Nur einer nicht. Der kommt zu Fuß, in einer Art Dreivierteltakt, weil er meist einen Spazierstock mitführt. Wenn er geht, hört man ihn schon auf hundert Meter Entfernung – fast drei Zentner auf einsneunzig Größe, und sein Auftritt sichert ihm auch bei seinen Gegnern volle Aufmerksamkeit. Giuliano Ferrara, 50, Fernsehjournalist, gehört zu den Leuten, die weder Klingel noch Visitenkarten brauchen. Notfalls droht der Mann, der einerseits als filigraner Vordenker Berlusconis gilt, andererseits wie ein Wrestlingstar einzuschüchtern vermag, schon mal mit Tätlichkeiten, wenn Dinge nicht so laufen, wie er will.
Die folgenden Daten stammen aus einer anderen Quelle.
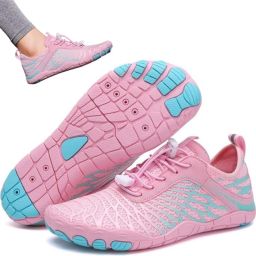 1 paar Wandelschoenen op blote voeten Ademende antislip sportschoenen Waterschoenen met brede neus Strandschoenen Ademend Antislip Roze Geschikt voor buitensporten fitness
Aus großbürgerlichem Hause, begann Ferrara, wie sich das gehört, ganz weit links, beim stalinistischen Flügel der KPI. Danach wurde er strammer 68er, wanderte aber bald zur KP-Zentrale Berlinguers ab, weil er da Aufstiegschancen witterte. Die kamen aber nicht, weshalb er behende zu den Sozialisten wechselte, wo gerade ein neuer Star geboren war: Bettino Craxi. Dessen Sprachrohr wurde er in kürzester Zeit, wuchtete sein Gewicht in das staatliche Fernsehen ebenso wie in das Privat-TV des Craxi-Freundes Berlusconi. Bald schon gehörte er zu jenen, die zu allem und jedem ihren Senf dazugeben. Mehrere Talkshows, Politmagazine und eine tägliche Kommentarsendung namens „Radio Londra“ sorgten dafür, daß die Nation ihren täglichen Ferrara und damit auch Craxis Diktate serviert bekamen. Meist schwitzend, zottelmähnig, mit Hosenträgern über herausquellendem Bauch, verkündete er letzte Wahrheiten. Oder er setzte sich in Veranstaltungen, wo er dann kaum mehr jemanden zu Wort kommen ließ.
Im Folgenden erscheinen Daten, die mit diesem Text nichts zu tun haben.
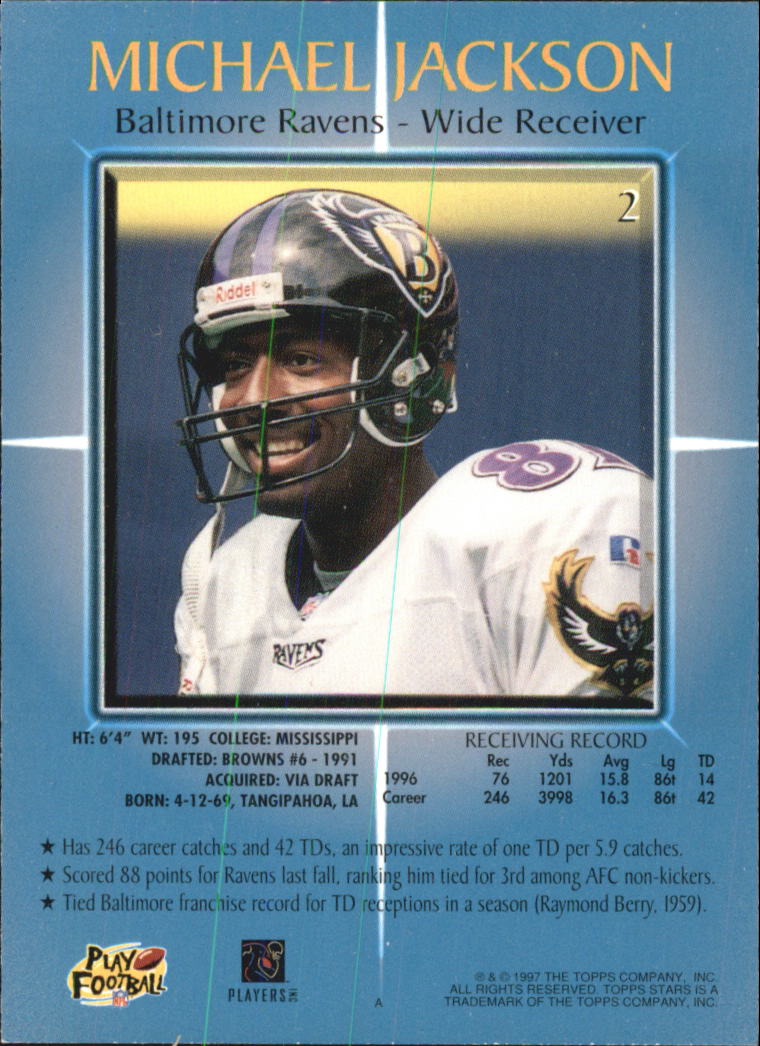 1997 Topps Stars Football "Main Set" Cards #1 to #125 Rookies and Veterans - Picture 5 of 171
Allerdings mußte er dabei auch Niederlagen einstecken. Als ihn der Espresso-Kollege Gianpaolo Pansa in einer Sendung von RAI TRE als einen hinstellte, der „zwar immer gegen Korruption schreit, doch seinen Wahlkampf fürs Europaparlament genau mit jenen Schmiergeldern bezahlte, die die Sozialisten in Milliardenhöhe erpreßten“, drohte Ferrara eine Schlägerei an. Die versprochene Klage zog er aber zurück.

Als Craxi fiel, war Ferrara bereits wieder woanders gelandet: bei Berlusconi persönlich. Der machte ihn zum Minister für die Beziehungen zum Parlament und wenig später auch noch zum Sprecher des Ministerrates. Wonach kein anderer Ressortchef mehr den Mund aufmachen durfte, ohne daß Ferrara es erlaubte. Eine Reihe Mißerfolge geht zweifellos auf sein Konto: das Dekret zur Entlassung Korrupter aus dem Gefängnis ebenso wie der Frontalzusammenstoß mit den Gewerkschaften, der Berlusconi schließlich sein Amt kostete.
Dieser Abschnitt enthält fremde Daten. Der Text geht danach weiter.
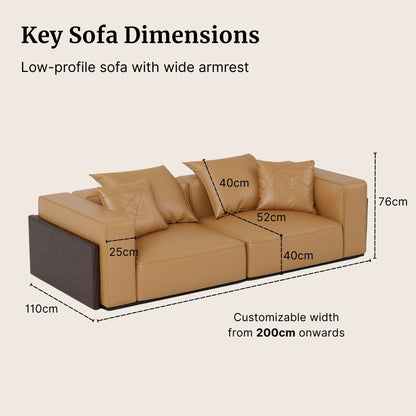 Brown sofa with dimensions labeled on a beige background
Doch der Medienherrscher kann nicht mehr von seinem Wadenbeißer lassen. Nahezu alle Entscheidungen – ob Berlusconis Forza Italia für oder gegen das Haushaltsgesetz stimmt, ob man das neue Fernsehgesetz annimmt oder nicht, ob man die Rentenregelung akzeptieren kann oder nicht – dekretiert Ferrara, als sei er Herr im Haus. Und oftmals haben die Mitarbeiter Berlusconis den Eindruck, ihr Chef kusche vor dem aufbrausenden Ferrara.

Dabei ist er in letzter Zeit auffallend selten im Fernsehen zu sehen. Umso mehr reist er, und mancher setzt bereits das Gerücht in Umlauf, der Dicke mit der unvermeidlichen Zigarre im Mund sei ab und an auch nach Tunesien gejettet, wohin sein Ex-Chef Craxi vor den Strafverfolgern ausgebüchst ist und mit seinen Hunderten auf die Seite gebrachter Dollarmillionen weiter Intrigen gegen sein Land spinnt. Giuliano Ferrara scheint inzwischen fast mächtiger als der Fernseh-Tycoon aus Mailand. Doch viele Italiener fragen sich, ob der Mächtige hinter Berlusconi nicht einem noch Mächtigeren Rechenschaft schuldet.